Margit Frenk

Margit Frenk Freund (in full, Margarita Ana María Frenk y Freund), sometimes known by her married name, Margit Frenk Alatorre (b. Hamburg, 21 August 1925) is a German-Mexican philologist, folklorist and translator. She has been an Academic Numerary of the Mexican Language Academy since 1993.[1] She is also a Doctor Honoris Causa at the National Autonomous University of Mexico (UNAM).

Frenk's parents moved the family to Mexico in 1930. In 1946, she spent some time at Bryn Mawr College on a scholarship, studying English Literature and Spanish Theater of the 16th Century.
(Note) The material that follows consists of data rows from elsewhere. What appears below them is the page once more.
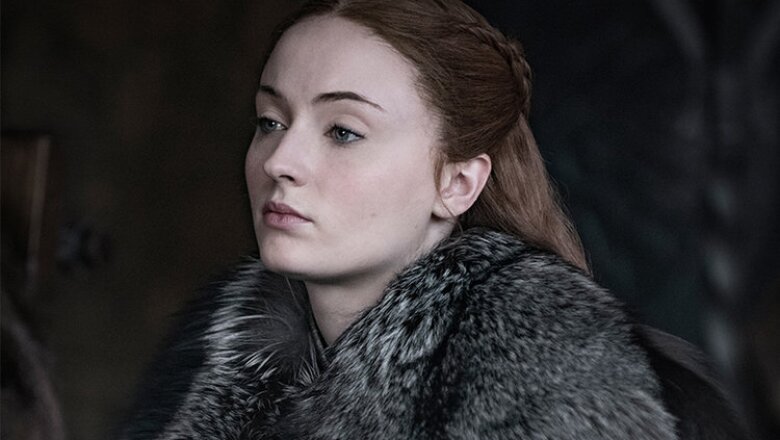 Temporada 8 'Game of Thrones'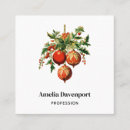 Suche nach rote beere visitenkarten Beeren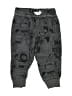 Carter's Graphic Gray Sweatpants 6-9 MO / 9 MO - photo 1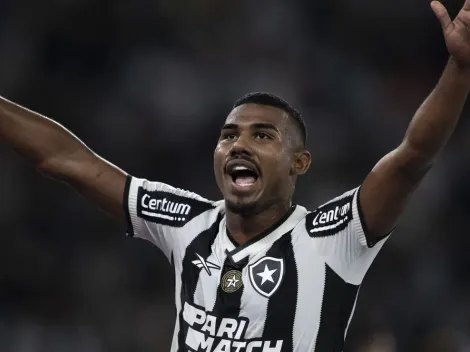 Cuiabano mira duelo com Cruzeiro e avalia trabalho de Davide Ancelotti no Botafogo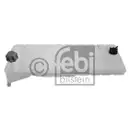 FEBI BILSTEIN 35498 Kühlerausgleichsbehälter für MAN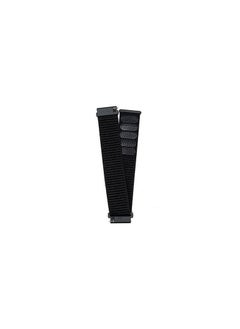 Generic Replacement Nylon Nato Strap 20mm For Xiaomi Amazfit GTS2 / GTS  /GTS 2e /GTS 2 Mini - Black  - Image 2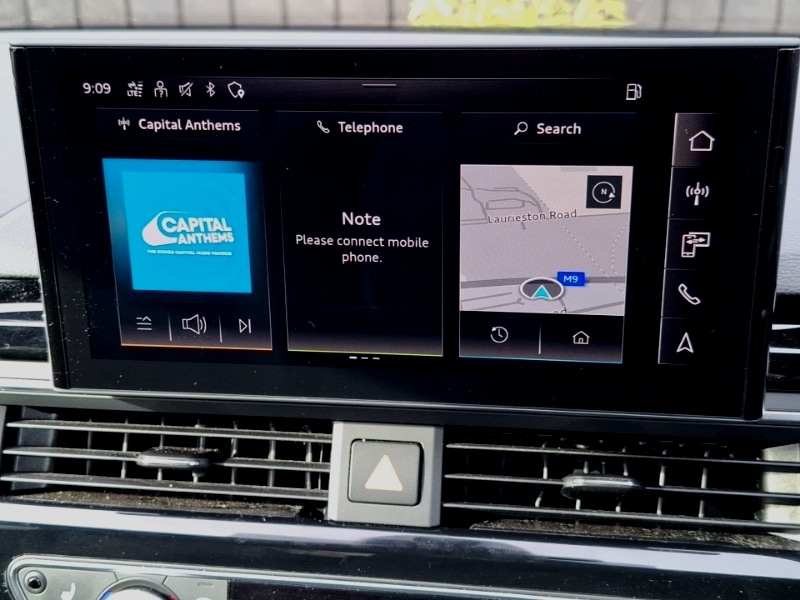 Used Audi A5 2023 for sale - 77988190: Photo 17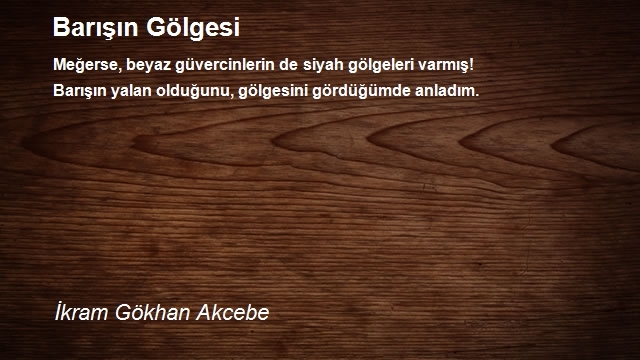 İkram Gökhan Akcebe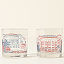 MLB Stadiumscape Rocks Glasses - Set of 2 thumbnail 4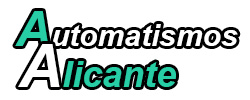 Automatismos Alicante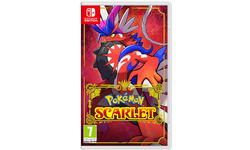 Pokémon Purple (Nintendo Switch)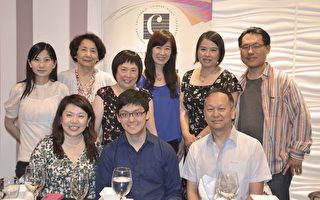 小提琴國際比賽獲獎者曾宇謙來灣區舉辦募款音樂會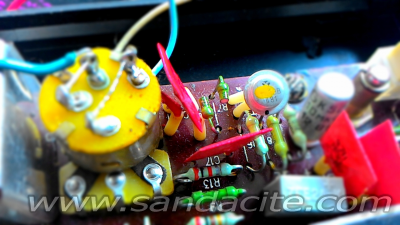 Реставрация на "Сокол РП 404/304" 44554-5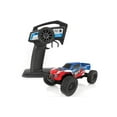 thumbnail image 1 of Team Associated Mt28 Monster Truck Rtr, 1/28 Scale, 2Wd, W/ Battery, Truck, 1 of 2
This was followed by a few years at Berkeley, where she taught Spanish, learned Italian and studied Spanish Literature.[1]

After obtaining her MA, she returned home to study at the College of Mexico, where she was a professor and researcher from 1950 to 1980, except for a brief stay in Paris to attend classes by Marcel Bataillon. She was a collaborator on the Nueva Revista de Filología Hispánica (NRFH), which was managed by Raimundo Lida and, later, by Antonio Alatorre, whom she married. Beginning in 1958, she was the coordinator for a group of researchers who, between 1975 and 1985, produced the five volume Mexican Folk Songbook.

She has been a professor at UNAM since 1966 where, in 2000, she founded the Revista de Literaturas Populares, which she still edits, and She is a member of the scientific committee on the Spanish magazine Paremia.[2] From 1986-1996, she was coordinator of the Center for Literary Studies at the Institute for Philological Research at UNAM, where she founded the magazine Literatura Mexicana. She is also an honorary President of the International Association of Hispanistas.

In 2000, she won the Mexican National Prize for Arts and Sciences (Language and Literature). In 2006, she won the Alfonso Reyes International Prize[3] and, in 2009, the 23rd Menéndez Pelayo International Prize.